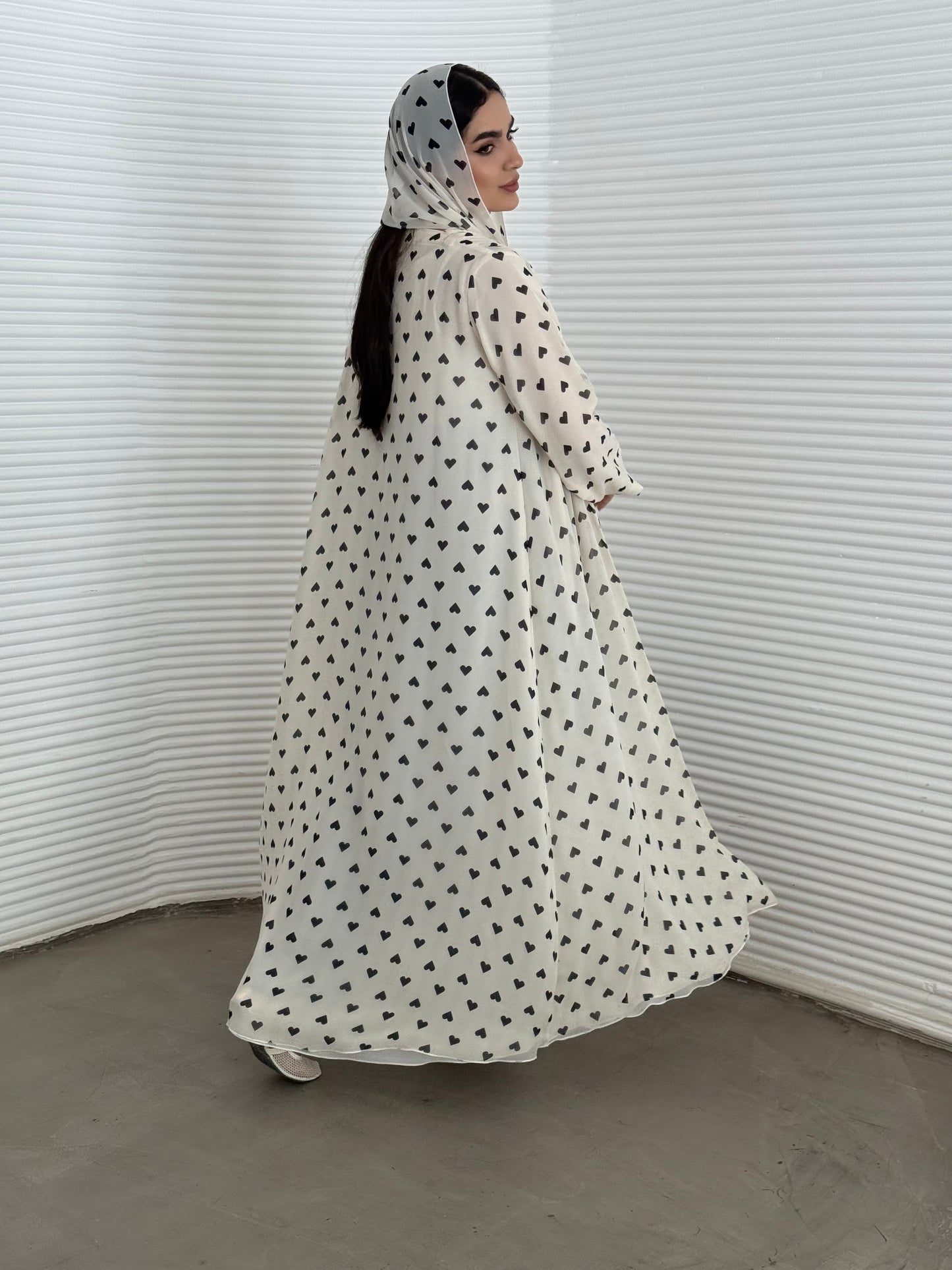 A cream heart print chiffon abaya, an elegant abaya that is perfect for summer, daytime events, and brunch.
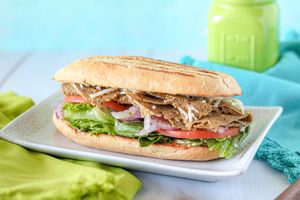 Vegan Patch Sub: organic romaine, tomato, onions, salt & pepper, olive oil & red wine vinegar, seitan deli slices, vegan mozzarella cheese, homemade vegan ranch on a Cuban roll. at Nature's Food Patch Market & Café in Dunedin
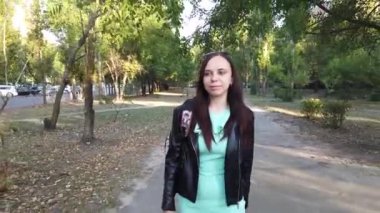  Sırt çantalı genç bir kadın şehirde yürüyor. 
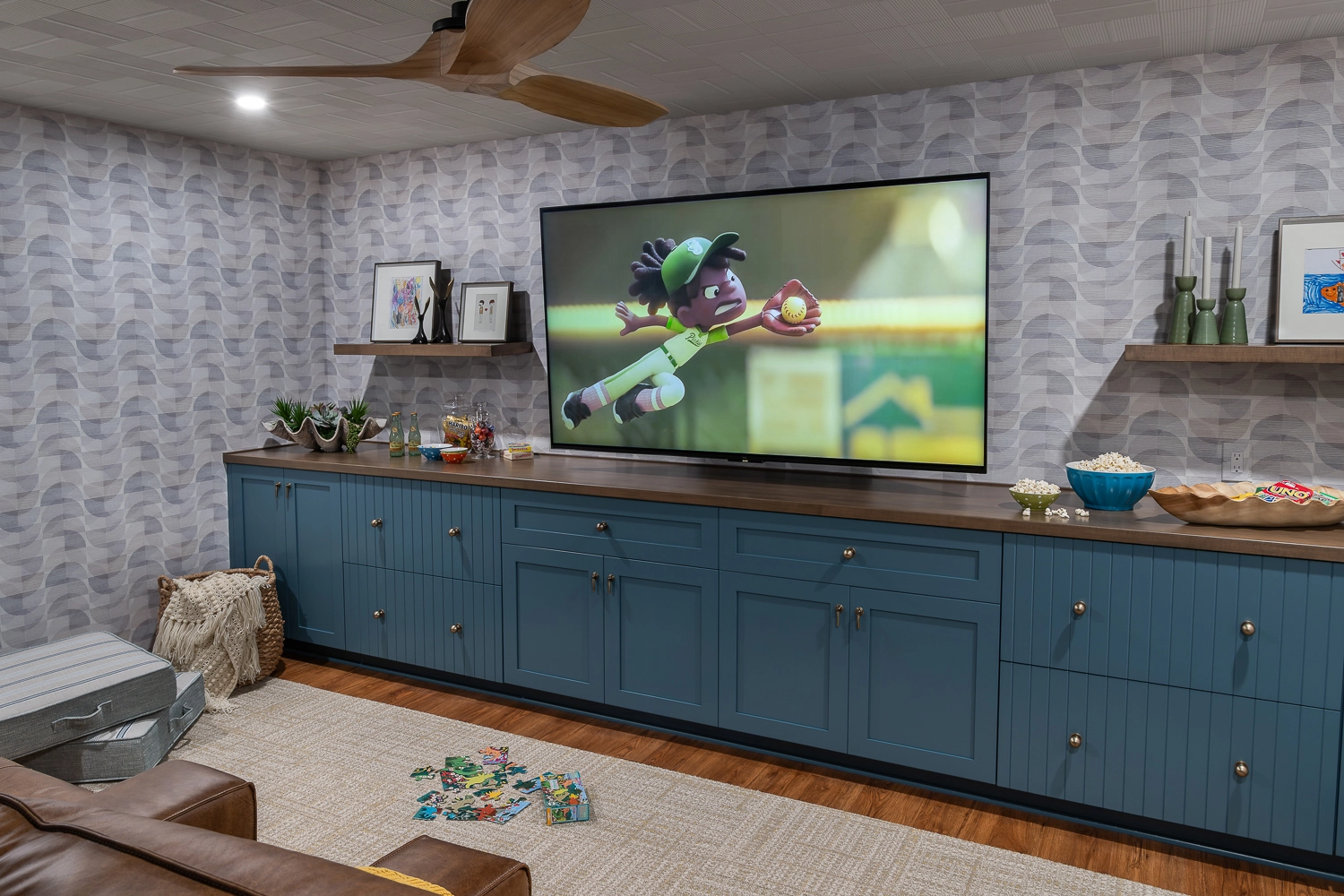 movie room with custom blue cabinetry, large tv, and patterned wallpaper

- **Required action**:
Starting with the line that contains "Vegan Patch Sub: organic", give the lines again exactly as they appear through the last line of the data, pictures excluded.

- **Answer to the exercise**:
 Vegan Patch Sub: organic romaine, tomato, onions, salt & pepper, olive oil & red wine vinegar, seitan deli slices, vegan mozzarella cheese, homemade vegan ranch on a Cuban roll. at Nature's Food Patch Market & Café in Dunedin
  Sırt çantalı genç bir kadın şehirde yürüyor. 
 movie room with custom blue cabinetry, large tv, and patterned wallpaper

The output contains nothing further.